= Spatial modulation =

Signal transmission technique

In signal processing, spatial modulation is a technique that enables modulation over space, across different antennas at a transmitter. Unlike multiple-input and multiple-output (MIMO) wireless (where all the transmitting antennas are active and transmitting digital modulated symbols such as phase-shift keying and quadrature amplitude modulation), in spatial modulation, only a single antenna among all transmitting antennas is active and transmitting, while all other remaining transmitting antennas sit idle. The duty of the receiver is: to estimate the active antenna index at the transmitter and to decode the symbol sent by the transmitting antenna.

Both processes carry a message bit. Since only one transmitting antenna is active at a particular instant, one single RF chain for the active antenna is required, unlike MIMO systems in which N_{T} (number of transmitting antennas) antennas are active and correspondingly N_{T} number of RF chains are required. RF chains are costly, which makes spatial modulation (SM) much cheaper to implement. Conventional MIMO systems suffer from problems such as inter-antenna interference and transmit antenna synchronization issues because all transmitting antennas are active.

== Procedure ==
In SM, a series of information bits come to the transmitter. The transmitter divides the incoming bits in a chunk of k+l bits, where k is an exponent of two used for deciding the antenna index from which the l bits will be transmitted after applying an M-ary transmission or modulation scheme. In fact, only l bits are transmitted practically, since the antenna index also carries information of k bits, hence in total k+l bits will be decoded at the receiver.

== Example ==
An SM transmitter with N_{T}=2 antennas uses a binary phase-shift keying (BPSK) modulator. In that case, the transmitter can transmit a BPSK symbol by performing BPSK modulation, which will carry a message bit. The antenna index from which the BPSK symbol is transmitted carries an additional bit of information as illustrated in Table 1.
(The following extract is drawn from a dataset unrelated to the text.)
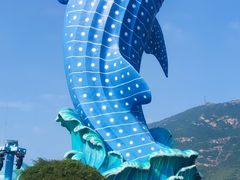 -珠海长隆海洋王国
Table 1: SM mapping table for N_{T} = 2 and M = 2 (BPSK)
| Incoming bits | Antenna index | BPSK symbol transmitted |
|---|---|---|
| 00 | 1 | 1 |
| 01 | 1 | -1 |
| 10 | 2 | 1 |
| 11 | 2 | -1 |

An incoming message bit string 10 matches the third row in the lookup table. In bit numbering, the most significant bit (MSB) is 1 and the least significant bit (LSB) is 0. The MSB indicates the transmitting antenna index while LSB indicates which BPSK symbol to transmit. If MSB=0 the first antenna will transmit the symbol. If MSB=1 then the second antenna will transmit. For LSB=0, BPSK symbol 1 will be transmitted whereas for LSB =1, BPSK symbol -1 will be transmitted. In this case, k = l = 1, so only one message bit is transmitted from the second antenna. The receiver decodes both the message bit as well as the active antenna index, effectively two message bits are decoded. Therefore, the spectral efficiency of the SM transmitter in this case is 2 bit/s/Hz.

The receiver must estimate the antenna index, as well as decode the symbol.
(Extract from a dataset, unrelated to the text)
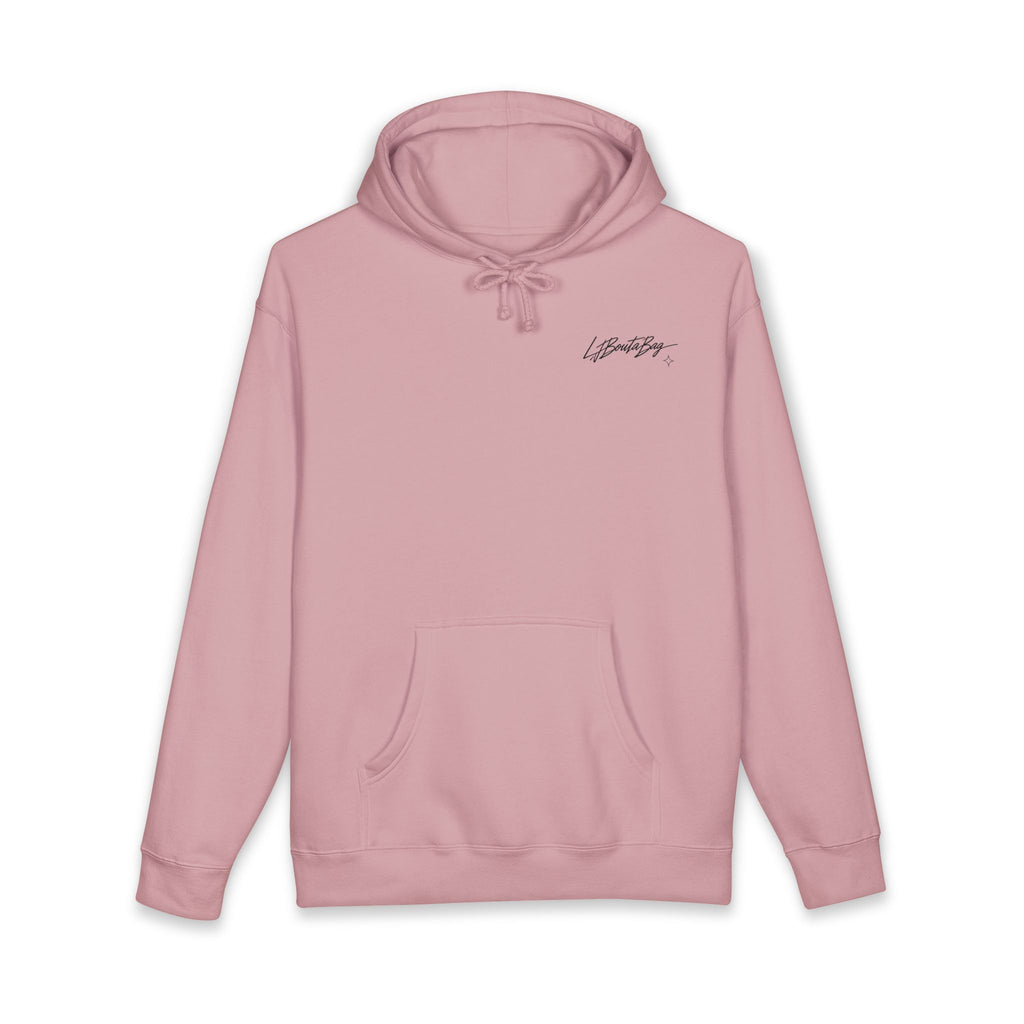 Logo Distressed Camouflage Pullover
== Advanced spatial modulation ==
In order to improve the spectral efficiency, SM has been modified to various advanced SM schemes:
- Quadrature Spatial modulation
- Improved Spatial modulation
- Generalized Spatial modulation
- Spatial media Based modulation
- Enhanced Spatial Modulation
In some of the above advanced SM methods, more than one transmitting antenna is active at a time at the transmitter in order to improve spectral efficiency. SM and its advanced variants are used in free-space optical communication termed as Optical spatial modulation and Advanced Optical Spatial Modulation, respectively.